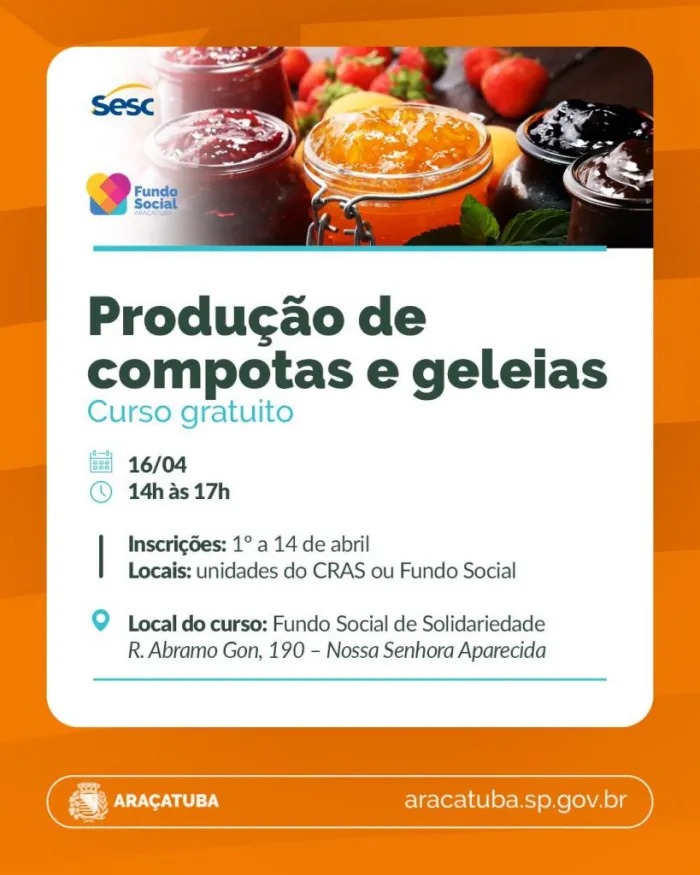 Foto: Reprodução/Prefeitura de Araçatuba - SP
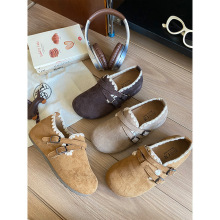 勃肯拖鞋女2025年秋季新款百搭包头网红爆款一脚蹬外穿休闲勃肯鞋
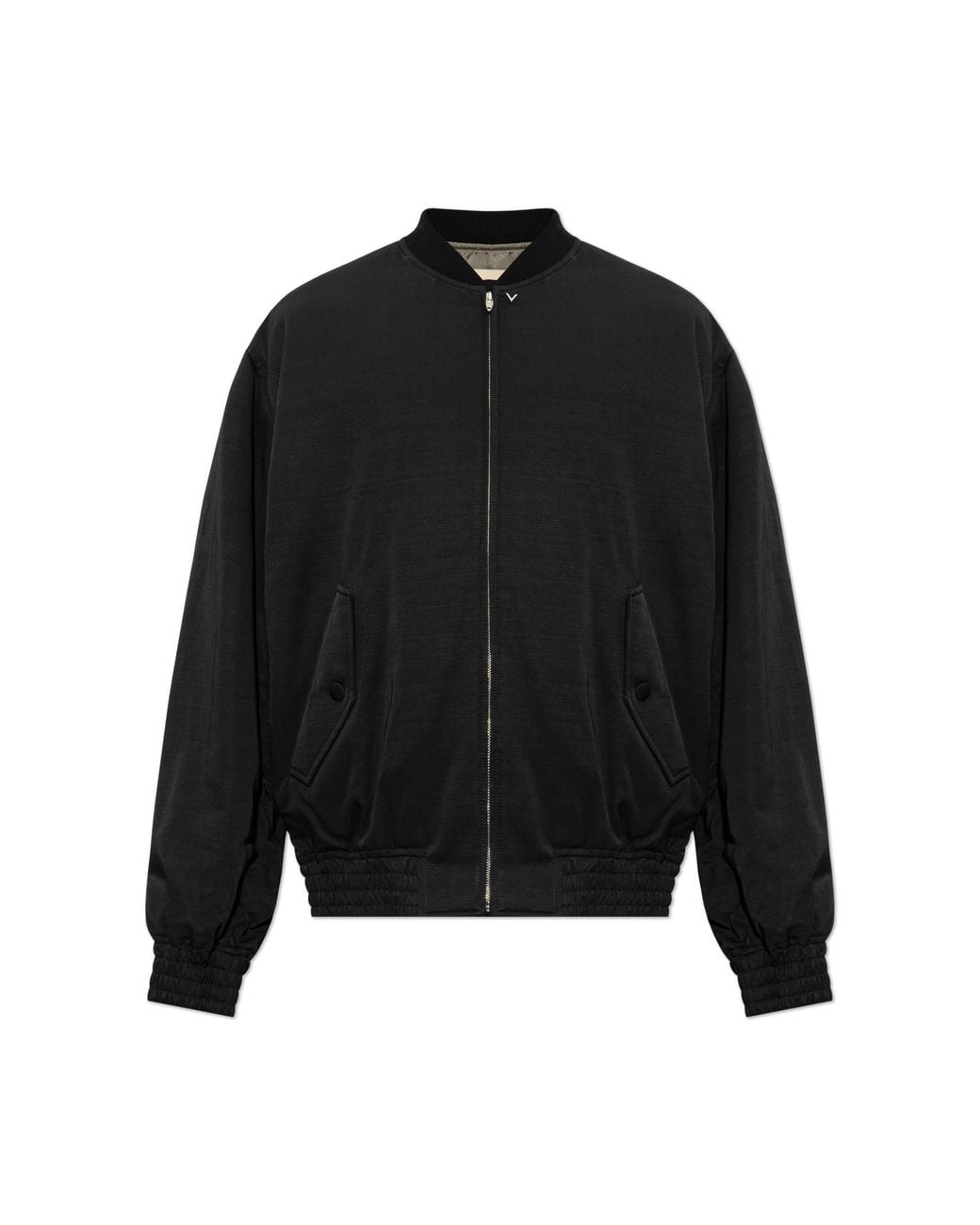 Valentino Garavani Black Bomber Jacket for men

**EXERCISE DETAILS:** Here the lines from the one with "勃肯拖鞋女2025年秋季新款百搭包头网红爆款一脚蹬外穿休闲勃肯鞋" through the last line of the data above need to be repeated exactly, both included, and any picture omitted.

**RESPONSE TO THIS EXERCISE:**
 勃肯拖鞋女2025年秋季新款百搭包头网红爆款一脚蹬外穿休闲勃肯鞋
 Valentino Garavani Black Bomber Jacket for men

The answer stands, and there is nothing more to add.